You've said, "What Dummy turned into was not what we intended it to be." What did you intend it to be? Who--or what--transformed it into something you never imagined?
My influences were street music in Bristol--beats music, people such as Smith & Mighty--reggae-based drum-machine music and hip-hop. When Smith & Mighty did Walk On By, it was, like, the ultimate brilliant record. And it was kind of seen as a way to produce music that was real, that was where you were from, Bristol with a history of punk and rock and noise, and I really didn't know about those influences, but they influenced all the guys I was listening to and influenced me. Adrian came from a jazz background and had the ability to write brilliantly and bring in musicians, and Beth was a very interesting songwriter, but I must admit, I don't really know at what level I really liked what she was writing.
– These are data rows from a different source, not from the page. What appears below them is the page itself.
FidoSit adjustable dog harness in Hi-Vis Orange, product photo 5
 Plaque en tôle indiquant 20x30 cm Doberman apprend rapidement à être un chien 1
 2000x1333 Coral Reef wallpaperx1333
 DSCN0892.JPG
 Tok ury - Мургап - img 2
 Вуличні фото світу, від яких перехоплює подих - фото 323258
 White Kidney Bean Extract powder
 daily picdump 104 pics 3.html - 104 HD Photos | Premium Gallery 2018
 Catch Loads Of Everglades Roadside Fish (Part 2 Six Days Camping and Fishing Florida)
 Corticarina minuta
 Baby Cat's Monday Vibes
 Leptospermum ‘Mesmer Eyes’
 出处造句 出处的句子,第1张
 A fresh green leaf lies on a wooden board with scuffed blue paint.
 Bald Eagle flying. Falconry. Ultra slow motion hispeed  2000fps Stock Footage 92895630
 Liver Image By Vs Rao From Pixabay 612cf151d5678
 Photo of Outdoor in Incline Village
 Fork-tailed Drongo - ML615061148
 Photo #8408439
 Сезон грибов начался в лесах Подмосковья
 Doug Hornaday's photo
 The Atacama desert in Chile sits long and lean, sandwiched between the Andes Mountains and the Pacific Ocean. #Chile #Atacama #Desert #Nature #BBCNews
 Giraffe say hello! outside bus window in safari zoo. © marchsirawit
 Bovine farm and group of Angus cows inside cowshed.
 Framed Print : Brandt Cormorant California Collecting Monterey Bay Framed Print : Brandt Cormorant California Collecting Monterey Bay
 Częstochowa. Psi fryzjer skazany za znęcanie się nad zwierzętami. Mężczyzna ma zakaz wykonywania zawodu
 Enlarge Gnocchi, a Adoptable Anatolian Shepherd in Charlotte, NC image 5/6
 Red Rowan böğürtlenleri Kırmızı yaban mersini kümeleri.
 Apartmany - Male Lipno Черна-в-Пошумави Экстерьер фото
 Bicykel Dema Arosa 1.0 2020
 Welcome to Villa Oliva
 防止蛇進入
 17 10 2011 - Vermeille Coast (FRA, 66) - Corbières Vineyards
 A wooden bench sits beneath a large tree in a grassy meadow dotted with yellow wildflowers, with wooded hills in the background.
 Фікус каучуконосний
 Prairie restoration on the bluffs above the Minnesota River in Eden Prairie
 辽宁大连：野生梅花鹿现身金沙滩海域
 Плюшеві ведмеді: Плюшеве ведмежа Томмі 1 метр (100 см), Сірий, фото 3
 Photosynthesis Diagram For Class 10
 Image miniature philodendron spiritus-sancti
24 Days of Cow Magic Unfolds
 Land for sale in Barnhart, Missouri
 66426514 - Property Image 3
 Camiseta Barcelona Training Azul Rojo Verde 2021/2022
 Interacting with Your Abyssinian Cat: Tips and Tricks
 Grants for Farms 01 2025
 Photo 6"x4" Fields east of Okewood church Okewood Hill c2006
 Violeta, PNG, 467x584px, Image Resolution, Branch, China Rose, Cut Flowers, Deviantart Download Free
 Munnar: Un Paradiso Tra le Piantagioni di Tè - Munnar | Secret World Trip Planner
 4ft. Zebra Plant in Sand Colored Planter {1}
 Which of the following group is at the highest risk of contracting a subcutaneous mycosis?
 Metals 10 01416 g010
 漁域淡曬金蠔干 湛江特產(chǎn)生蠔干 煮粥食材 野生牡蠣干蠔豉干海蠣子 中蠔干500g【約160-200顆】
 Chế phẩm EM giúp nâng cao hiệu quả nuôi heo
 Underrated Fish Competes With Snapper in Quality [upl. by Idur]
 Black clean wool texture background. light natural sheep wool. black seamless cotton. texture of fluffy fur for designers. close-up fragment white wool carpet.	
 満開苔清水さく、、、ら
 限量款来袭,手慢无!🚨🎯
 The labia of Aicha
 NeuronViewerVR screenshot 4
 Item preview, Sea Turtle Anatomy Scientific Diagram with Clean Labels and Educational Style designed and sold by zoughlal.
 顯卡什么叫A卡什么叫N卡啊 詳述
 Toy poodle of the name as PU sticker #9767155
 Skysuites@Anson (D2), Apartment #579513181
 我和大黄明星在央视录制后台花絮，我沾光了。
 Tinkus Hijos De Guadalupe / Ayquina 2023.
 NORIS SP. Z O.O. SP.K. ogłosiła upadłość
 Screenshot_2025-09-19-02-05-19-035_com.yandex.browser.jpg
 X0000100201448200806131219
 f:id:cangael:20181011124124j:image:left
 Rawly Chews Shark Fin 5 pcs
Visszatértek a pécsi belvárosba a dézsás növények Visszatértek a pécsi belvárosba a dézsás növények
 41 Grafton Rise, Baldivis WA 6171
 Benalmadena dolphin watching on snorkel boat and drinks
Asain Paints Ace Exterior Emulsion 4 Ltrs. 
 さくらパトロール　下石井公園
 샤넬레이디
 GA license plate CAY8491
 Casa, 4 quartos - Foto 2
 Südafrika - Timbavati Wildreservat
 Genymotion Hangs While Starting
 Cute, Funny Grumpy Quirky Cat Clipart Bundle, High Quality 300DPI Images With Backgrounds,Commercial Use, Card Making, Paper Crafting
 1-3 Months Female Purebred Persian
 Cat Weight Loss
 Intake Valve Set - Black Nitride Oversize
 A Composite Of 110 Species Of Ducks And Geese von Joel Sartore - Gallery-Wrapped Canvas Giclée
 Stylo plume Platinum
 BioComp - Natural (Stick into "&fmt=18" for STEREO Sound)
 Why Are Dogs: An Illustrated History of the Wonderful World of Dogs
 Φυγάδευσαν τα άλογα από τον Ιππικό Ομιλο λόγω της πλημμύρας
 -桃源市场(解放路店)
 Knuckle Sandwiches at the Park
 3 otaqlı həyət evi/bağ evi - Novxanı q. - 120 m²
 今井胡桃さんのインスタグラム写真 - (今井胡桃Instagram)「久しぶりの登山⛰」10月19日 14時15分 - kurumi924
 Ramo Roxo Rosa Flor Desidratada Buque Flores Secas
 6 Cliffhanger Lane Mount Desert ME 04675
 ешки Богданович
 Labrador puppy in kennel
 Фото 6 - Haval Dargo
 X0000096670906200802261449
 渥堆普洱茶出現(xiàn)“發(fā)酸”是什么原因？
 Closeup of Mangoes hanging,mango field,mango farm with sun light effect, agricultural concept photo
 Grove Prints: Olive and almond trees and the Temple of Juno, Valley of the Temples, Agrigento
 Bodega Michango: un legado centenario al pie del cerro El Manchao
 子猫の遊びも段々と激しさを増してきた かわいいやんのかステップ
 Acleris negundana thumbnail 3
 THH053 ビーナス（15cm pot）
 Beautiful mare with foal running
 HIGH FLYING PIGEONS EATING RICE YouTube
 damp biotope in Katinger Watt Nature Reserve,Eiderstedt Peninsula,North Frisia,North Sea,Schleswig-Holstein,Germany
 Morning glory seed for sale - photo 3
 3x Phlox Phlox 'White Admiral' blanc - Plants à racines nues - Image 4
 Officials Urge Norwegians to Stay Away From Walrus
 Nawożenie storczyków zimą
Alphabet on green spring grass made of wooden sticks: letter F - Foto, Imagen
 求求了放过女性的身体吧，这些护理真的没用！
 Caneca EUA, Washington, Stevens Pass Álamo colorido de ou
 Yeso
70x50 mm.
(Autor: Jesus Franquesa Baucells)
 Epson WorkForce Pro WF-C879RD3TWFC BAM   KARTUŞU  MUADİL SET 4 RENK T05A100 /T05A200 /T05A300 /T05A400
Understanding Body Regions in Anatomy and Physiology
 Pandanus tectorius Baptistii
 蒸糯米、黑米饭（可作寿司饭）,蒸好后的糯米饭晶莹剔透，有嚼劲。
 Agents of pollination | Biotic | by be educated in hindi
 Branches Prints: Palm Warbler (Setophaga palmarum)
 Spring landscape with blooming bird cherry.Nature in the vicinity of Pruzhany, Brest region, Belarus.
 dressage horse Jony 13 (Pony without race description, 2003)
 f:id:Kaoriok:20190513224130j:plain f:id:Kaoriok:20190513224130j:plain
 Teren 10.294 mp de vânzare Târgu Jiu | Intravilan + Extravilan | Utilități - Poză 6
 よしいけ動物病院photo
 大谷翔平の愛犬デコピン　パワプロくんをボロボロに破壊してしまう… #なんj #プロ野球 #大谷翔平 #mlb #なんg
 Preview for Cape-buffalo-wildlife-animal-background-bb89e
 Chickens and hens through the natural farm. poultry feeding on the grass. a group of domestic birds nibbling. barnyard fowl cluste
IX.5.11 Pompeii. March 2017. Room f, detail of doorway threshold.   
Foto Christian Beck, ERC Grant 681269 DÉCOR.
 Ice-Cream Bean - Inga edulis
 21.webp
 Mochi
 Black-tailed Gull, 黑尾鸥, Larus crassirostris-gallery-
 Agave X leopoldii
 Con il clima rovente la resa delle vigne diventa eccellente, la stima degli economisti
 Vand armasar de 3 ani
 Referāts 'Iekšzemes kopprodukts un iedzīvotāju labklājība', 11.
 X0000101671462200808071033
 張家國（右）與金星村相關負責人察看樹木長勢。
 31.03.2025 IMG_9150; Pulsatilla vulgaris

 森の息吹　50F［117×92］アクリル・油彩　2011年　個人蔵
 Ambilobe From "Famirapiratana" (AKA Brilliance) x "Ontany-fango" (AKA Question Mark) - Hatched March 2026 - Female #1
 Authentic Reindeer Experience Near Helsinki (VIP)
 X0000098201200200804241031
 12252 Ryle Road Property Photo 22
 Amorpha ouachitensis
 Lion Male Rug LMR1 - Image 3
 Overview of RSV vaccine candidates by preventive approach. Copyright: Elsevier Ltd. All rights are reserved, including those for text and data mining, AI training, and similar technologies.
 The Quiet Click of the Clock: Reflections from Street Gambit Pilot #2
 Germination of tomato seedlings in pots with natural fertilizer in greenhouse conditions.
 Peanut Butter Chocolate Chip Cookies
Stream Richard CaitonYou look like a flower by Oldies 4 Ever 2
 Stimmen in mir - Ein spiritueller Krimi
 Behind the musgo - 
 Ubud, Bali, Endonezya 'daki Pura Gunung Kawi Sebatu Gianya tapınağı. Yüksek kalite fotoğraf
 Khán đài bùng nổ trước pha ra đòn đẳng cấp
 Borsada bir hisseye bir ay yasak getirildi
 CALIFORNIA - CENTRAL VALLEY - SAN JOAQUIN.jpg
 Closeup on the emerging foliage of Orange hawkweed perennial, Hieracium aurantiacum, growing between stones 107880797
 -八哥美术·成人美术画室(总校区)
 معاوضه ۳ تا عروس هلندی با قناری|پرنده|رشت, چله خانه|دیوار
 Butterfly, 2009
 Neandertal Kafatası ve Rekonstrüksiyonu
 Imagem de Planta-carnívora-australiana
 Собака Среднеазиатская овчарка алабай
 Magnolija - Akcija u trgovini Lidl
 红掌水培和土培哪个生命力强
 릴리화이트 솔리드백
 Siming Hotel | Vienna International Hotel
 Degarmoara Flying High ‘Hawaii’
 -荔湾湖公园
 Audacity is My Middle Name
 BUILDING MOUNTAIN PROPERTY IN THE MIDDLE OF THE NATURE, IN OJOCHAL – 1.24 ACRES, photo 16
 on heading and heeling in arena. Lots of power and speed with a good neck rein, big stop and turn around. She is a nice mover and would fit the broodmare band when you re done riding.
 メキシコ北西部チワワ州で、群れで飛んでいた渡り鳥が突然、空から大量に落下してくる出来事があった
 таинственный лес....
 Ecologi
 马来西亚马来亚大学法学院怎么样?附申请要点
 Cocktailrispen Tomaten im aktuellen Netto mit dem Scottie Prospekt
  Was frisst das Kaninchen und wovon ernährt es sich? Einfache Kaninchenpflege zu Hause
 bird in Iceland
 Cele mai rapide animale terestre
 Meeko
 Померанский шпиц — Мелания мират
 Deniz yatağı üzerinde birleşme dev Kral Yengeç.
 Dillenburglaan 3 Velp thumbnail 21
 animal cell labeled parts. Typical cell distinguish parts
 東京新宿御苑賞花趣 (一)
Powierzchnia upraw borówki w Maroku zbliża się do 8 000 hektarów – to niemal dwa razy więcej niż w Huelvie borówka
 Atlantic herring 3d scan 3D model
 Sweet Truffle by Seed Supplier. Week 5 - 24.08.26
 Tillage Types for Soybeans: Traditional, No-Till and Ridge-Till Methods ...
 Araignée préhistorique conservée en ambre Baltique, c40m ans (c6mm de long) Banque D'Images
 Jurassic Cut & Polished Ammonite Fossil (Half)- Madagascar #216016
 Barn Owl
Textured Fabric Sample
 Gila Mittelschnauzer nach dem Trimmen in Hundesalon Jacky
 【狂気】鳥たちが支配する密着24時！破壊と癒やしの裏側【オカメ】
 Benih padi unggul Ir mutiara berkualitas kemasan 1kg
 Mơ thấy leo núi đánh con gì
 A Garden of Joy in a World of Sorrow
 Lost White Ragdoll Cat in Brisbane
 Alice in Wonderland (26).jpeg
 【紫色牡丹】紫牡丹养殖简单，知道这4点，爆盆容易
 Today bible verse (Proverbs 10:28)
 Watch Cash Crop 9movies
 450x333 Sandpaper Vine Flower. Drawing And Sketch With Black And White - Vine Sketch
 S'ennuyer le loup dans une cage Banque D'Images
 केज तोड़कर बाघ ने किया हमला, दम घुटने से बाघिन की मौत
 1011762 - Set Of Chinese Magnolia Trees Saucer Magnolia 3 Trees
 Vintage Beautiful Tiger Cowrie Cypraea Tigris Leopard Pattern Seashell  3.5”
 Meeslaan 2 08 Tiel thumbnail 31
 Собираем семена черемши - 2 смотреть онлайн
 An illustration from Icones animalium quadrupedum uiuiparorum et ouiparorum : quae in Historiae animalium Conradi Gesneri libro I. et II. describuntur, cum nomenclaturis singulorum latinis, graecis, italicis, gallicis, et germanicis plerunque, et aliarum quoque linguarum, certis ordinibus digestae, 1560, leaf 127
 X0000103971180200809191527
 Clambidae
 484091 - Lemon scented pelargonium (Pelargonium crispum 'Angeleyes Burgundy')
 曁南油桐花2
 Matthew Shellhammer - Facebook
At the time, I was too young to understand the complexity of her lyrics. So when we got together, it seemed to work; we made Dummy, but it wasn't ever a chin-out record. It was where we came from. It was a beat record. It was pretty hardcore. I suppose, at that time, it made a big splash, and it got assimilated by people just putting it in a bag of--not chilled music, but almost the kind of stuff you put on at a dinner party. And as soon as that happened, I kind of turned off. I got nothing against people--I'm not a music snob; if you wanna listen to the Black Eyed Peas, that's fine, right--but I think that sometimes can be slightly misinterpreted, and I think our record kind of was. But the thing is, I was able to go out and buy a house, feed my family and have a good life around music, so I'm not going to complain about it, but I'm going to say I think we were misinterpreted. And I think what we're doing now is correcting that issue--we're just moving forward.

After the last album came out, you were talking in an interview about how you promised to make a hip-hop record. I read that Jay-Z and Dre came calling. When will that collaboration happen?
Jay-Z--someone from his office--called me once, but that was it. I wouldn't turn them down, but I don't think hip-hip is particularly my first . . . well, I don't think I'm very good at it. I'm too overwhelmed by nervousness around other legends. But I have completed a hip-hop record with one of the guys, and it's coming out on Stones Throw next year. It has about 40 tracks, with 35 MCs on it. It has people you might've heard of and loads of people you haven't. It's not about who's featured on it--it's about making a proper hip-hop record.

What makes a proper hip-hop record?
Well, I'm coming as a middle-aged white boy from England, you know what I mean? I don't think I can actually make the most connected comment about hip-hop culture. But people aren't doing it for the money, maybe. And they want to make a little bit of a difference. Money kind of runs hip-hop for a bit, and it has for a long time, so I suppose that makes it different!